Yesterday's statement said NYSE had submitted "the most attractive offer as part of a competitive bidding process" which is understood to have interested a number of the world's largest exchanges along with the LSE, including the US's Nasdaq and Deutsche Börse in Germany.
This comes as a blow to the LSE, which has been working on a commercial agreement with Qatar for "some considerable time," according to a source at the exchange. It is understood part of the reason it lost out was its lack of a world-class derivatives platform. NYSE owns Liffe, one of the biggest in Europe.
Some analysts said the move could raise question marks over Qatar's long-term commitment to the LSE and its 15 per cent holding, which has halved in value since February. But Qatar moved to quell fears, calling the stake a long-term investment and saying it will look to collaborate in the future.
The deal will see the creation of a new integrated cash-and-derivatives exchange in Doha, with a technology platform provided by NYSE, and is expected to close before the end of the year.

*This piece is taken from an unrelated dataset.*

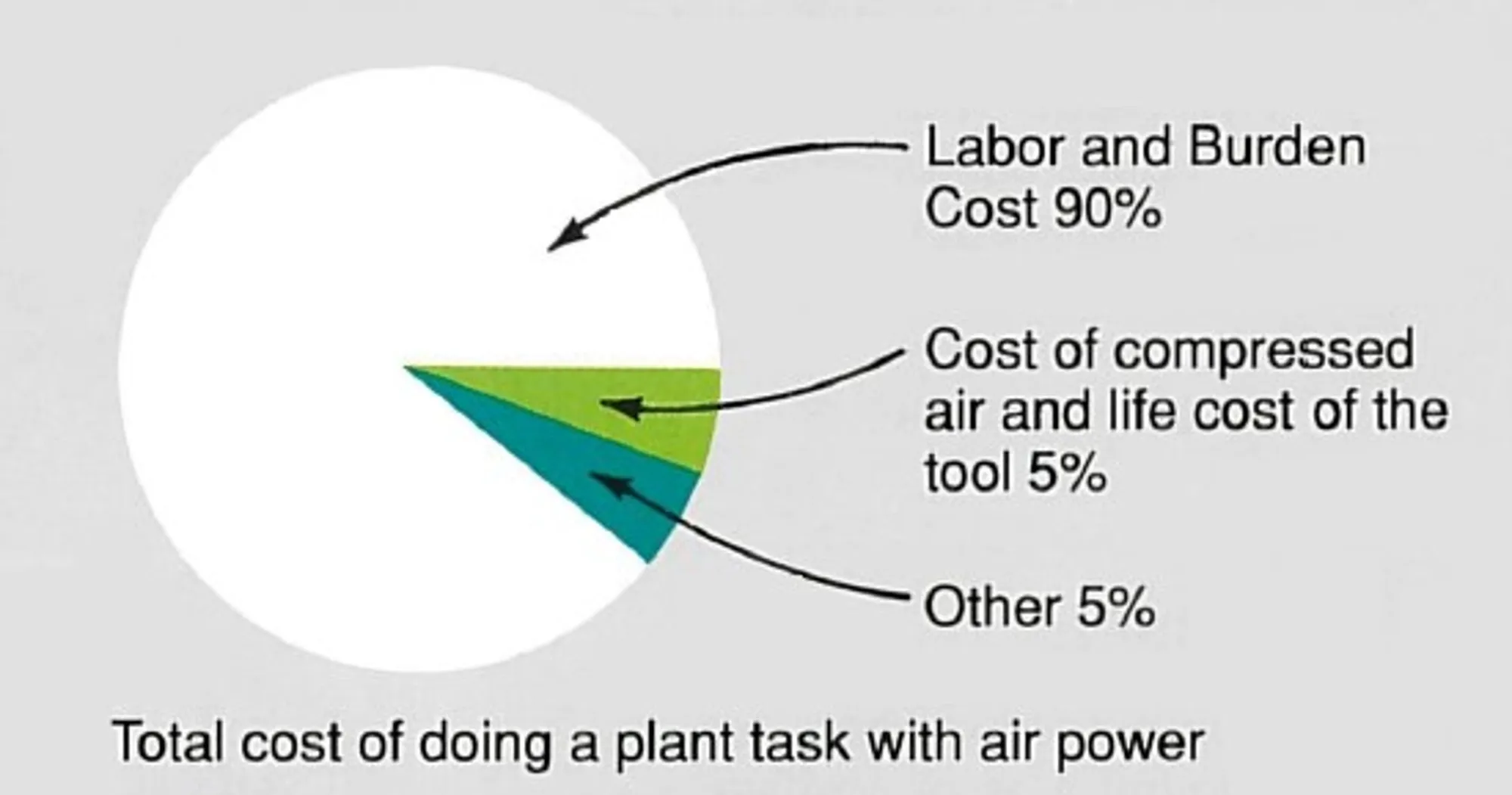 GDP-En-Product-Photo-what-is-compressed-air-V5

The search is under way for a new chief executive and management team and the Qatar exchange hopes to float a minority stake on its market within three years. Qatar's prime minister and minister of foreign affairs Hamad bin Jassim bin Jabor Al-Thani said yesterday's deal was a "significant development" for Qatar and the Middle East.
The move will significantly increase NYSE's presence in the Middle East after it signed a technical partnership arrangement with the Abu Dhabi Securities Market earlier this year. The latest investment is its biggest outlay since the merger that brought together the New York Stock Exchange and Euronext last year.
There is a race to build up financial centres in the Middle East with Doha, Bahrain and Abu Dhabi all looking to challenge Dubai's position as the leading market.